# PROVIDED DATA
______________________________

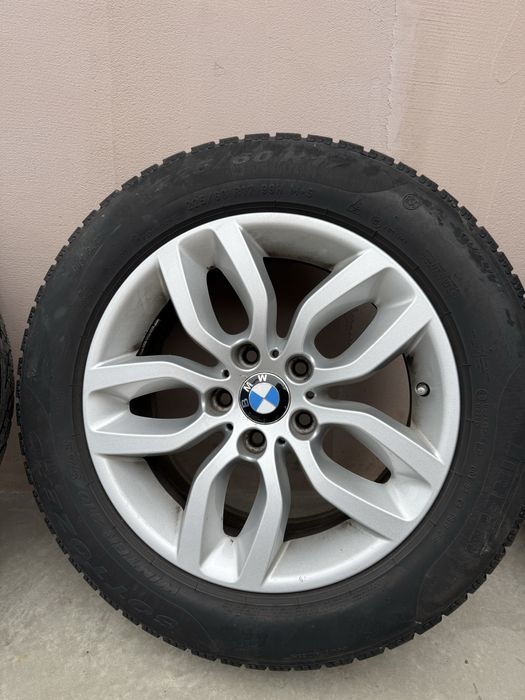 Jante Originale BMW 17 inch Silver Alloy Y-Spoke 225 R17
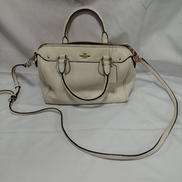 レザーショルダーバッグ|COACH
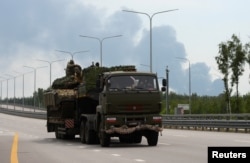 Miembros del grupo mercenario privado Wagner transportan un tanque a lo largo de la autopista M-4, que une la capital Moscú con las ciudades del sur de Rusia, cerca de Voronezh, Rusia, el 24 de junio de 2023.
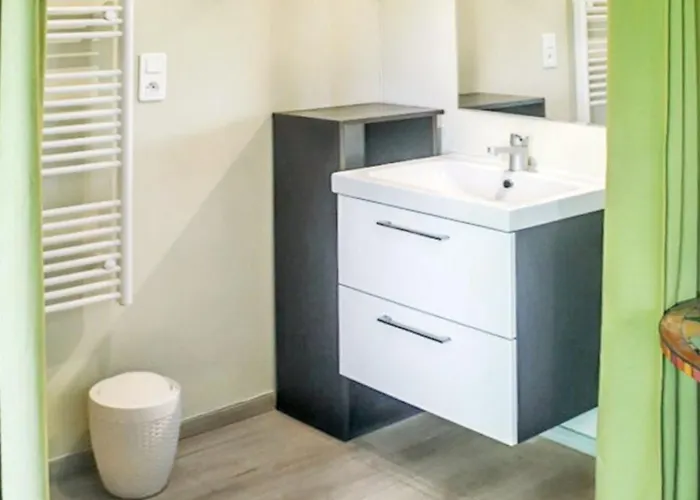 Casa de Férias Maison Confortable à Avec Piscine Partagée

______________________________

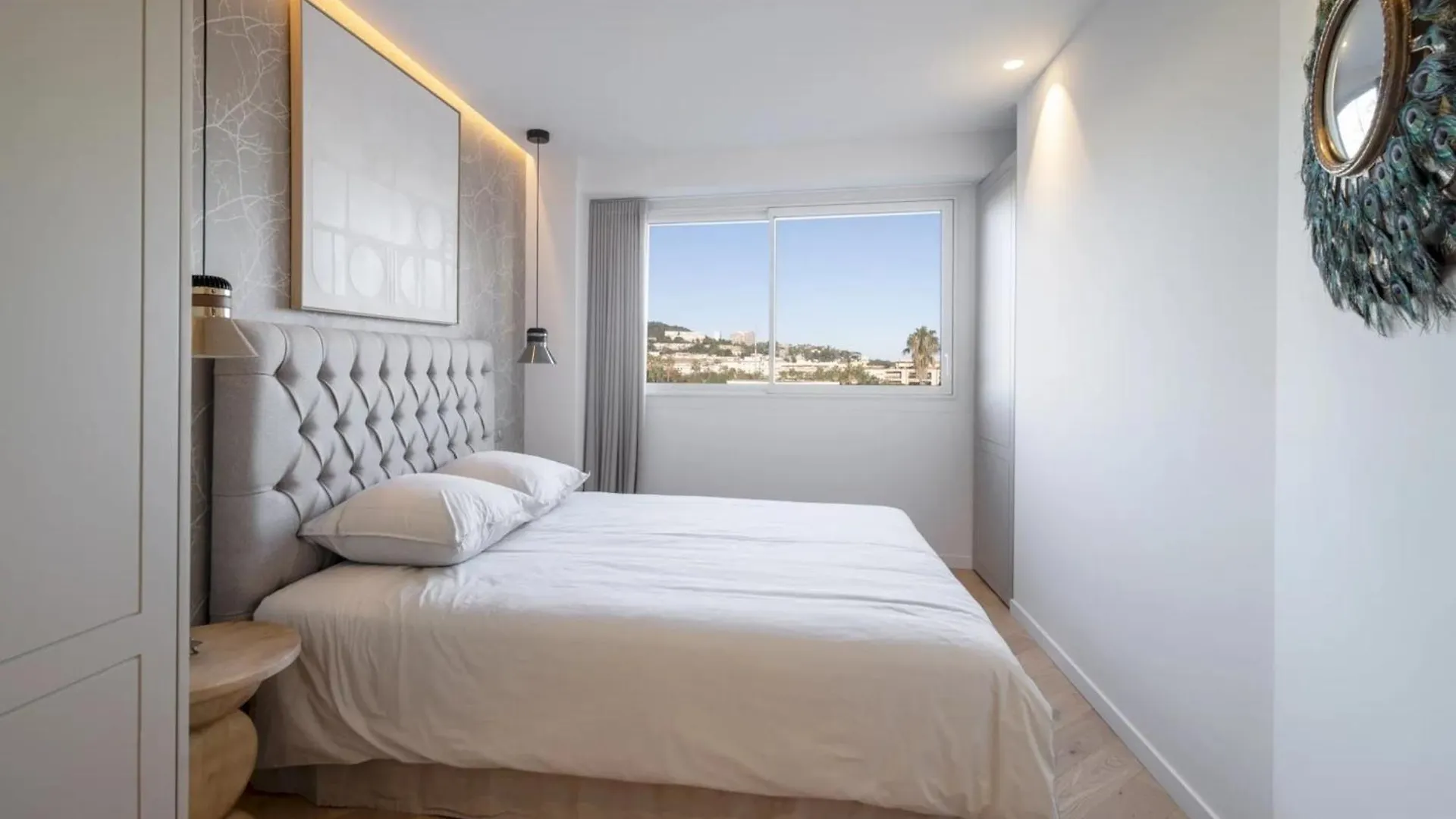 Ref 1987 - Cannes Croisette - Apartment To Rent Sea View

______________________________

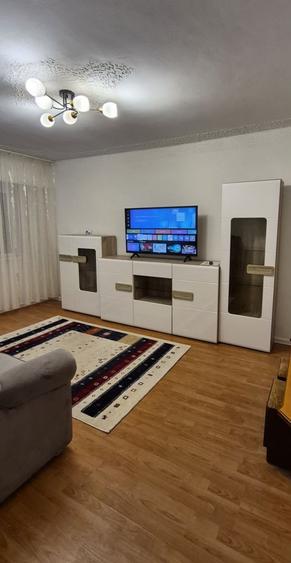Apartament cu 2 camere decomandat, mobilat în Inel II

______________________________

# PROBLEM DESCRIPTION
From the line containing "Miembros del grupo" through the line containing "Casa de Férias", copy every line above exactly, without pictures.

# RESULT OF THE TASK
 Miembros del grupo mercenario privado Wagner transportan un tanque a lo largo de la autopista M-4, que une la capital Moscú con las ciudades del sur de Rusia, cerca de Voronezh, Rusia, el 24 de junio de 2023.
 Casa de Férias Maison Confortable à Avec Piscine Partagée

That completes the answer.